Your task:
Reproduce exactly the span of lines beginning at the one with "3782 Whitecap Drive, Innisfil, Ontario" and ending at the last line of the data below, omitting pictures.

(Task data Opens)

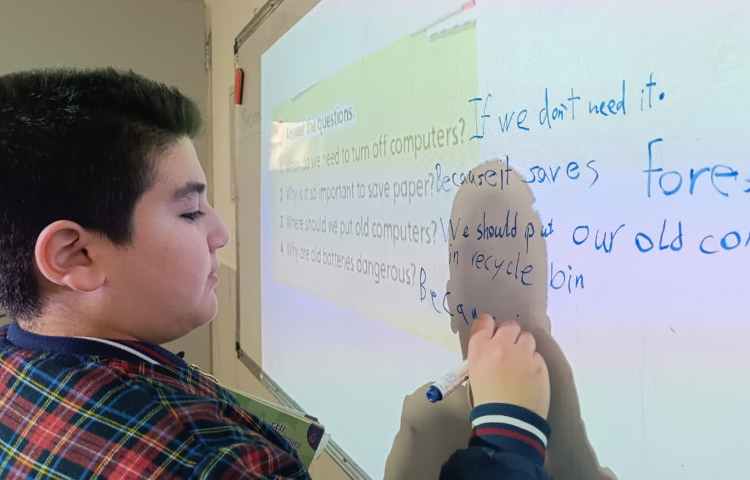 انجام فعالیت‌های کتاب در زنگ General English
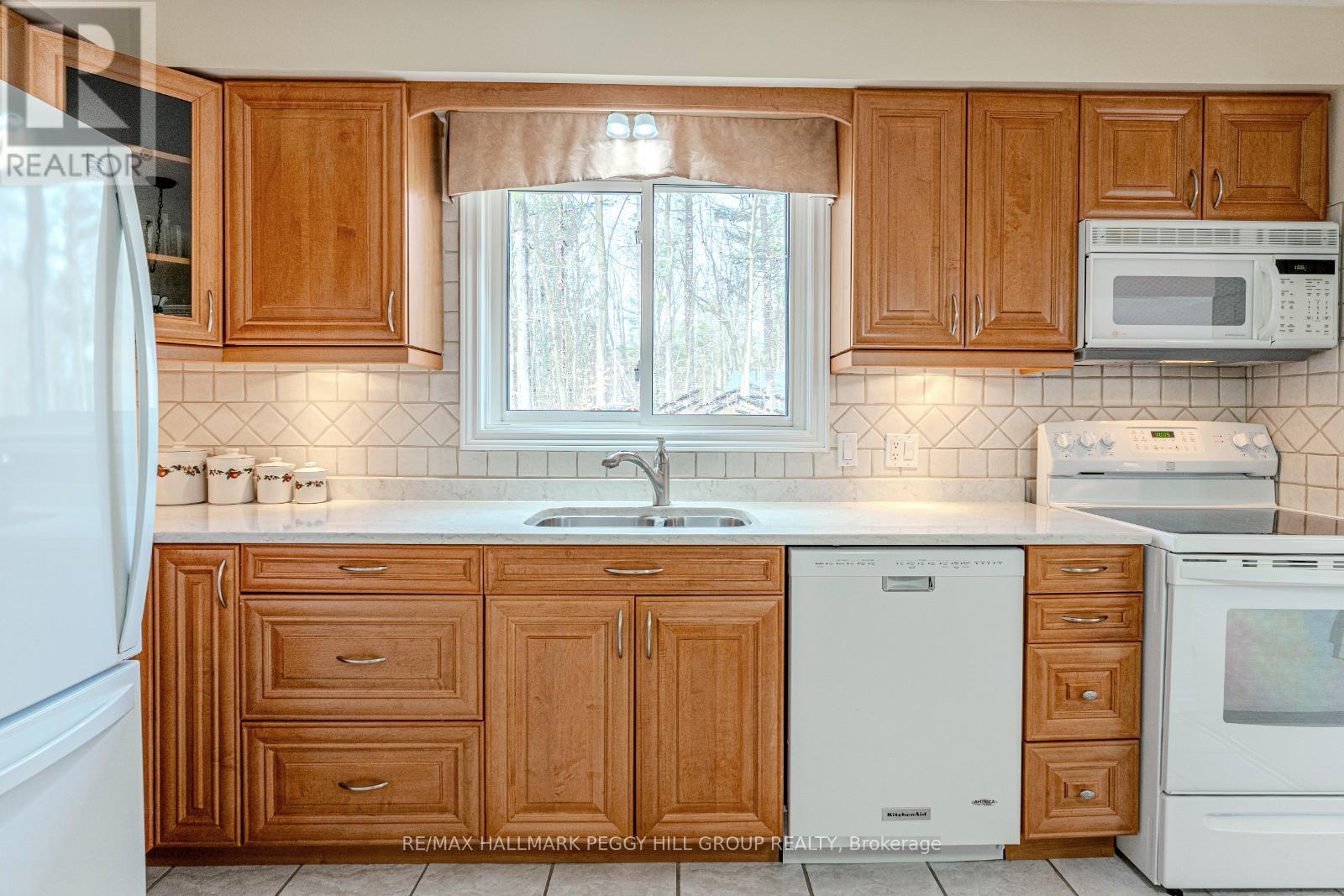 3782 Whitecap Drive, Innisfil, Ontario  L9S 2L4 - Photo 7 - N12120481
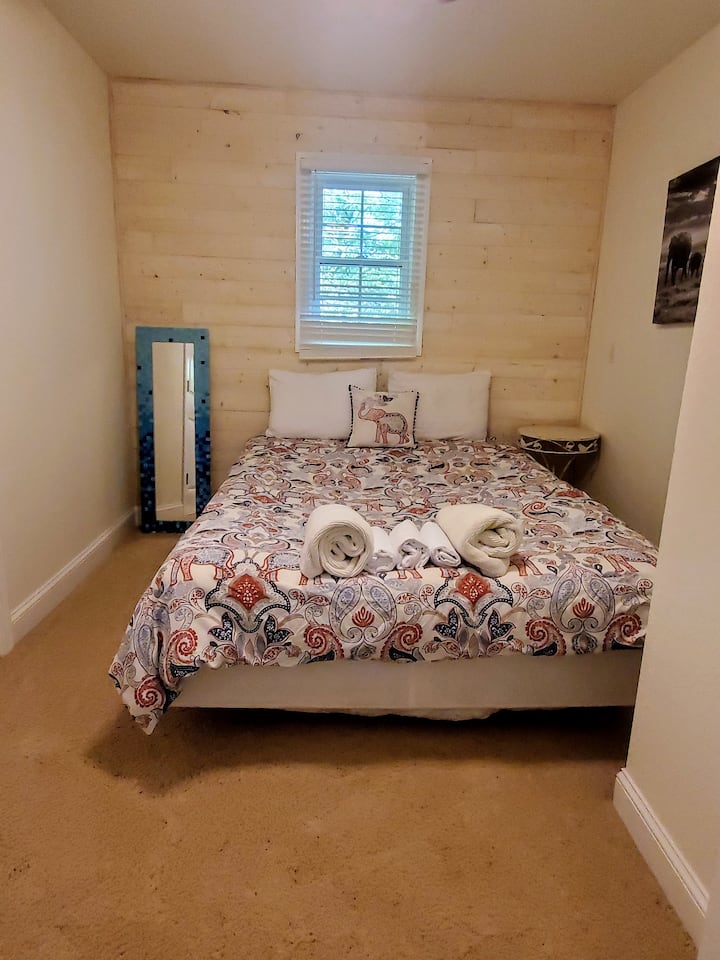 Საძინებელი #3. საწოლი 152 × 203 სმ
Ეს არის ერთადერთი საძინებელი მხოლოდ ჭერის ვენტილატორით. 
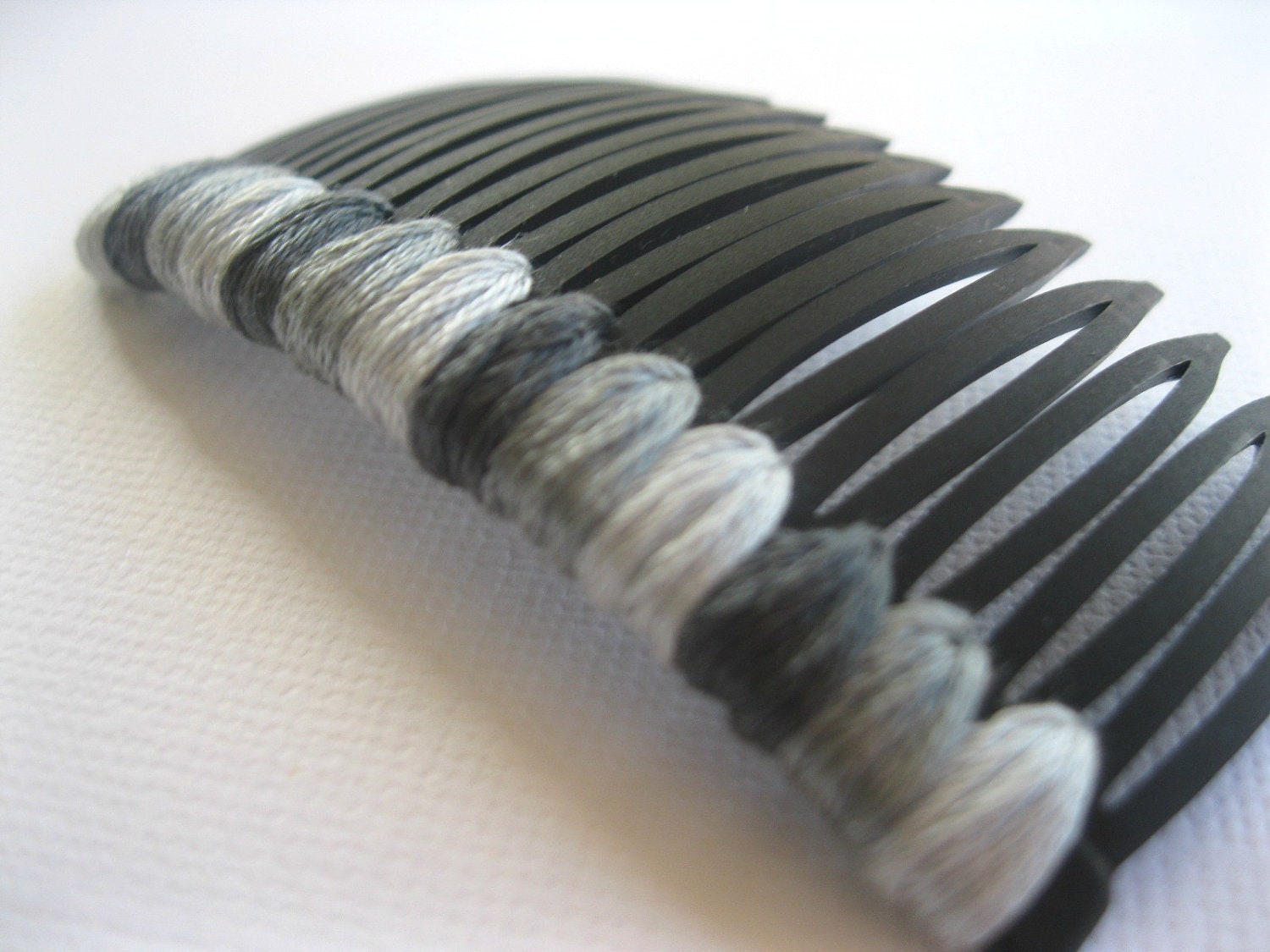 Ombre Threaded Hair Comb - Shades of Gray - Fashion Hair Comb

(Task data Closes)

Final answer:
 3782 Whitecap Drive, Innisfil, Ontario  L9S 2L4 - Photo 7 - N12120481
 Საძინებელი #3. საწოლი 152 × 203 სმ
Ეს არის ერთადერთი საძინებელი მხოლოდ ჭერის ვენტილატორით. 
 Ombre Threaded Hair Comb - Shades of Gray - Fashion Hair Comb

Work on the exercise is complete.